Two, if you offer me equity, then you are out right telling me that my time is
worth more than your whole business. That is not a good deal for either side.
You wouldnt be giving away equity if you had money in the bank. Three, don't
lowball be. It's a waste of time for us both, because I will decline, and you
will waste a lot of time finding someone who ships.

------
bbwharris
I think we should all sit back and be happy that we are in this position. It's
a great place to be, much better than desperate to find anyone who's hiring.
We have our pick and we complain about recruiters? If only everyone was so
lucky.

------
abuiles
I wonder at which point did you ended up going on this direction, did the
launch of recent businesses like <http://developerauction.com/> influenced
some how this decision? Would you still describe as the "online reputation
system for developers" or are you going to turn around and head into a new
"job market" where companies can show off their profile? what do I gain
following a company?

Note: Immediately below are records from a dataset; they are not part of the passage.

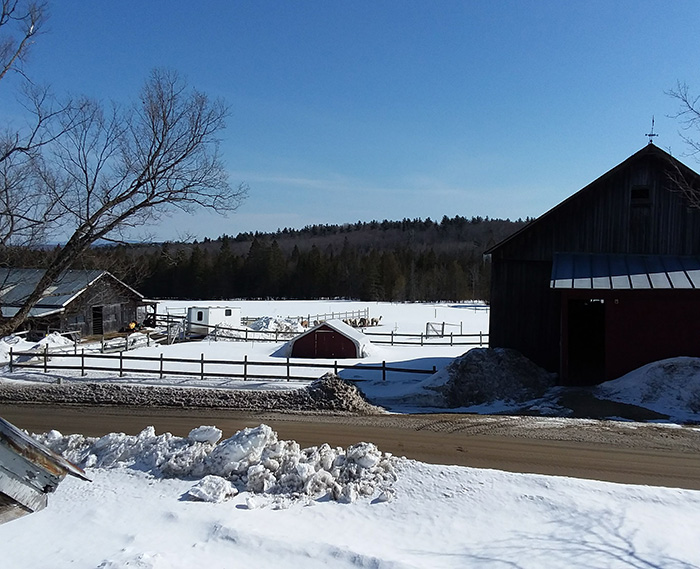 First day of spring 2019 at Snowshoe Farm Alpacas, Peacham, Vermont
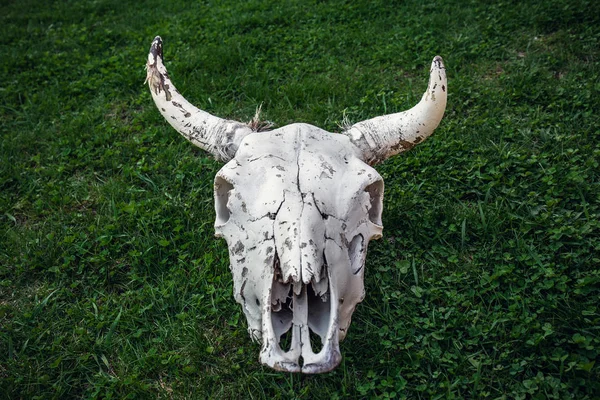 Kráva lebky na zelené trávě, hlavy kostí mrtvého zvířete — Stock fotografie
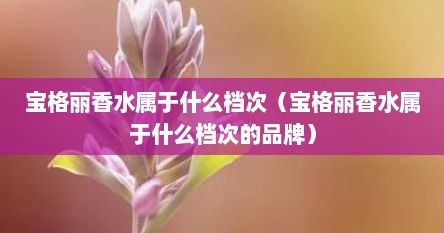 宝格丽香水属于什么档次（宝格丽香水属于什么档次的品牌）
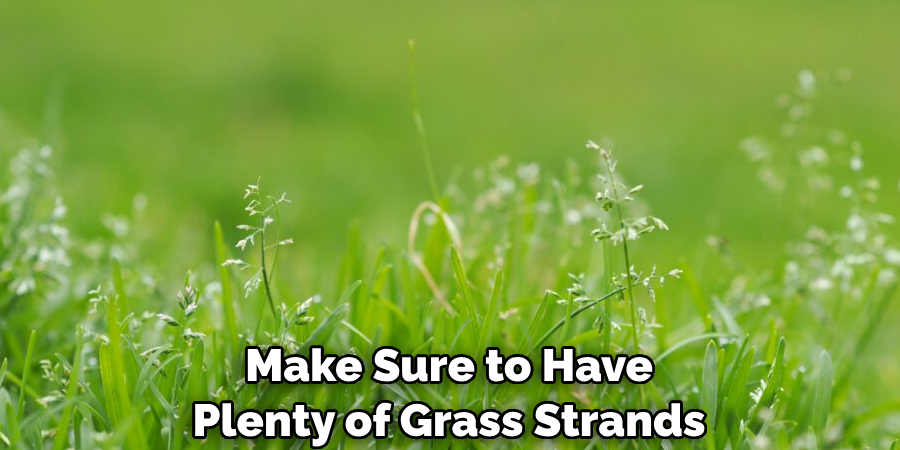 Make Sure to Have 
Plenty of Grass Strands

The profiles look really nice :D.

------
etherael
I think the incentives need to be re-aligned. <https://www.sofee.com.au/> is
new and maybe a step in the right direction, though only for Australia at the
moment.

Does anyone know of anything similar internationally?

------
drumdance
tl;dr - currently Supply < Demand.

Back after the dot com burst a whole lot of developers would have loved for
recruiters to bug them.